茶飲み話・割烹着
私が子供の頃、我が家の隣家の空き地には周辺の家で使用する共同井戸があった。そこでは洗濯や食器洗いなどをする主婦達が集い、井戸端会議の場ともなっていたのだ。まだ食糧難ころで、米の配給など食べ物のことなどが主婦達の主な話題であったと思う。「貧乏人は麦を食え」これは1950年に時の大蔵大臣池田勇人の発言だとされるが、いまこんなこと正直に上から目線で発言したらとんでもないことになる。
「米穀通帳をご存知ですか?」当時米を買うと通帳に記載され、金があっても一家族で決められた量しか購入することが出来なかった。なので食べ盛りの子供が多い家庭は三度の食事にも苦労した。そのころの主婦達の定番衣装は、カスリのモンペに白の割烹着。これで近所の八百屋や魚屋などに、手編みの買い物籠をぶら下げ食材などを買いに出かけた。最近ではビニール袋が有料になると、事前にシッピングバックを持参するようだが、エコを理由にこんなものケチって実際に効果があるのか?はなはだ疑問でもある。
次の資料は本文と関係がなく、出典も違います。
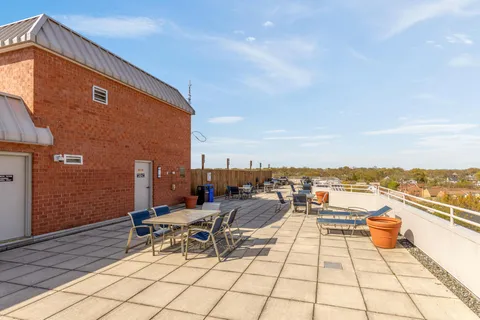 $399,000 | 1001 North Vermont Street, Unit 508, Arlington, VA 22201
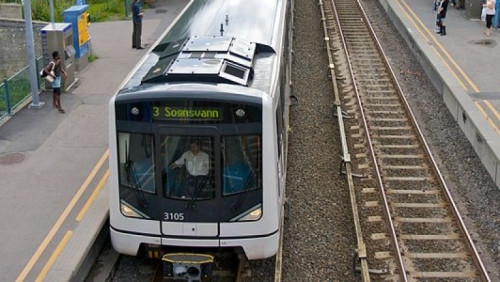 Duże utrudnienia w kursowaniu metra: opóźnienia na wszystkich liniach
井戸端会議といえば、今は一番先に思い浮かぶのがLINEである。親戚縁者や同窓生などでグループを組み、現況を伝え合う。住んでいる場所は選ばないので非常に便利だと思うが、グループの人数が多いと頻繁に着信音がなるので面倒でもある。しかし常にお互い情報共有できるので、チャットの相手が身近にいなくてもすむ。「俺はラインなどしない」とかたくなに拒否していると、寂しい老後を送ることになるかも。
現代人の井戸端会議はどんどん進化する。でもズームなど映像をともなったリモート会議はすでにあるので、次は仮想空間でお互い出合えるような研究も行なわれている。顔にはゴーグルをかけ、手には特殊なグローブをつけると、対象物の触覚まで感じることが出来るようになるらしい。脳に残る記憶などを呼び出し、死んだ親とも世間話できるという夢物語すらある。
「どうだ、元気にやっているか」。突然、だいぶ前に死んだはずの父親の声にビックリ!どうも俺は三途の川を越えたらい。そろそろお迎えが来ても不思議ではない歳だが、先ほどまでは確か元気であったはず・・・。我々凡人が何も知らないうちに、科学技術は危険な領域まで加速度的に変化していく。